Figure 1: Difference between simple transport and facilitated transport


Transport through Selective Channels Saturates


The characteristic of selective channel transport is that its rate is saturable. In other words, if a substance's concentration gradient is gradually increased, it will also increase its transport rate to a certain point and then level off. Further gradient increases will not result in any additional rate increases. The scientific explanation for this kind of observation is that the membrane contains a limited number of carriers.


Facilitated transport has three main features:


• It is specific. Any given carrier transports only certain molecules or ions.


• It is passive. The direction of net movement is determined by the relative concentrations within and outside the cell of the transported substance.


• It saturates. If all relevant protein carriers are in use, increases in the concentration gradient do not increase the transport rate


Sl.
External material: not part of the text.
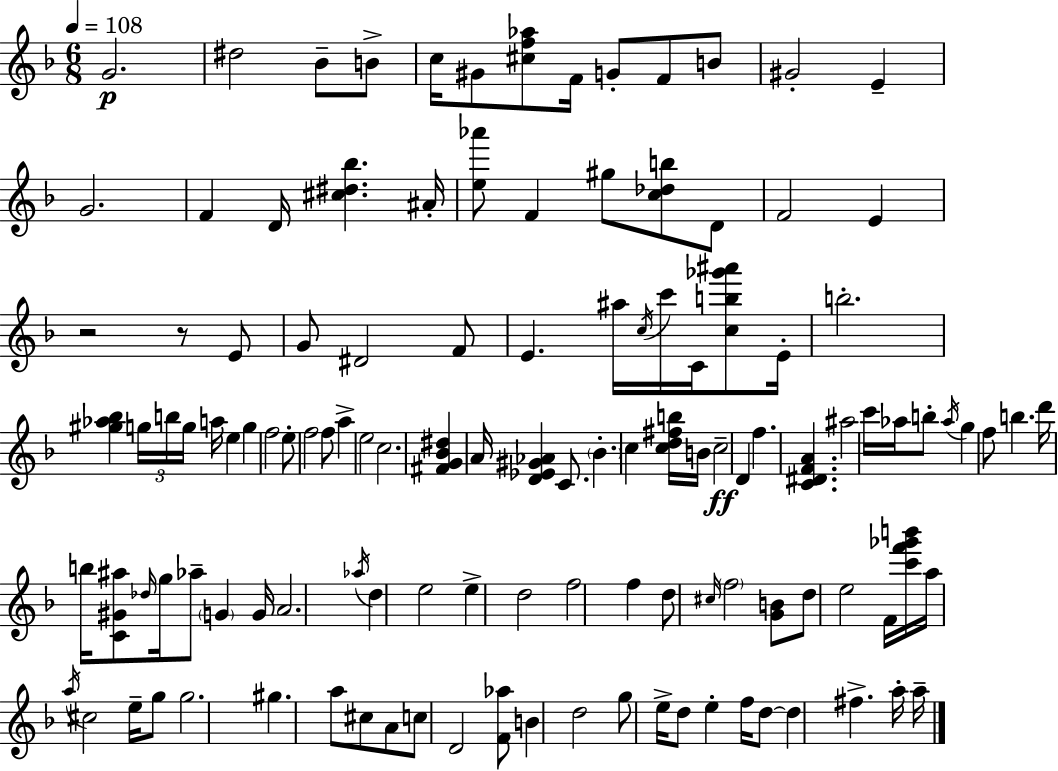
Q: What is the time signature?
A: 6/8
No.

Simple Diffusion

Facilitated Diffusion


Simple diffusion does not require a carrier molecule's assistance.

Facilitated diffusion can only take place with the help of a carrier molecule.
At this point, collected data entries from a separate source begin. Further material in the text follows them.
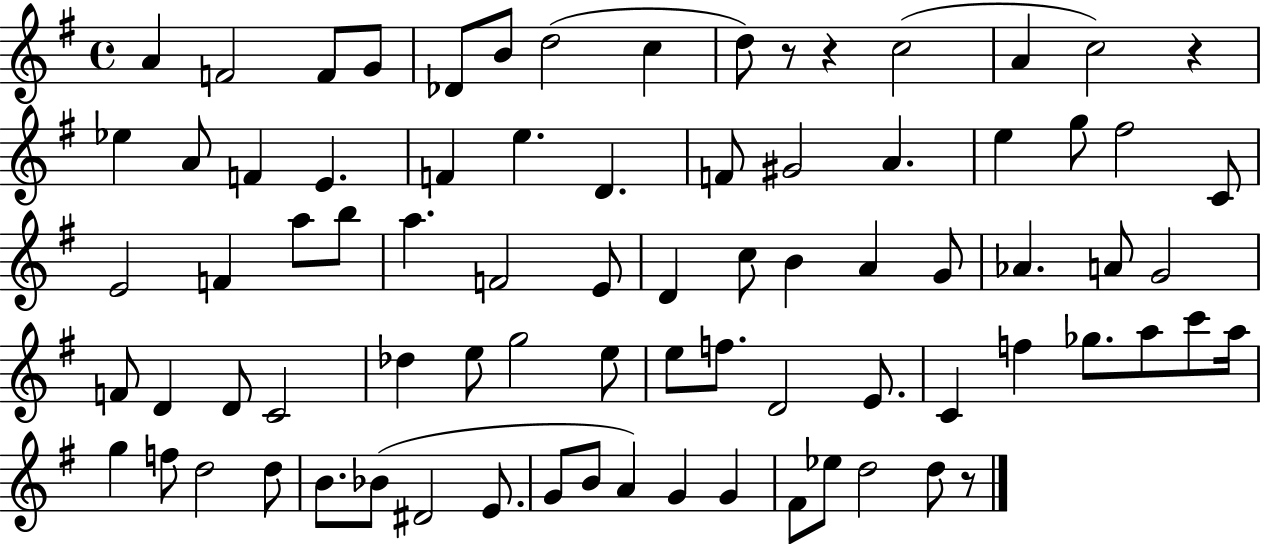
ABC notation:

X:1
T:Untitled
M:4/4
L:1/4
K:G
A F2 F/2 G/2 _D/2 B/2 d2 c d/2 z/2 z c2 A c2 z _e A/2 F E F e D F/2 ^G2 A e g/2 ^f2 C/2 E2 F a/2 b/2 a F2 E/2 D c/2 B A G/2 _A A/2 G2 F/2 D D/2 C2 _d e/2 g2 e/2 e/2 f/2 D2 E/2 C f _g/2 a/2 c'/2 a/4 g f/2 d2 d/2 B/2 _B/2 ^D2 E/2 G/2 B/2 A G G ^F/2 _e/2 d2 d/2 z/2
Simple diffusion speeds are relatively slow.

The speed of diffusion facilitated is relatively fast.


Simple diffusion is not specific to the solution.

Facilitated diffusion is always a specific solution.


A molecule inhibitor cannot inhibit the simple process of diffusion.

Specific inhibitors that bind to the carrier molecules can inhibit the facilitated diffusion.


Simple diffusion is a passive process.

Facilitated diffusion can be an active or passive process.


Simple diffusion does not require ATP's energy.

Facilitated diffusion may require or may not require ATP energy.


The molecules can only pass in the direction of the concentration gradient in simple diffusion.

The molecules can pass in the direction and opposite of the concentration gradient in facilitated diffusion.


Simple diffusion allows the passage through the plasma membrane of only small and non - polar molecules.

Facilitated diffusion allows large and polar molecules to pass through the plasma membrane.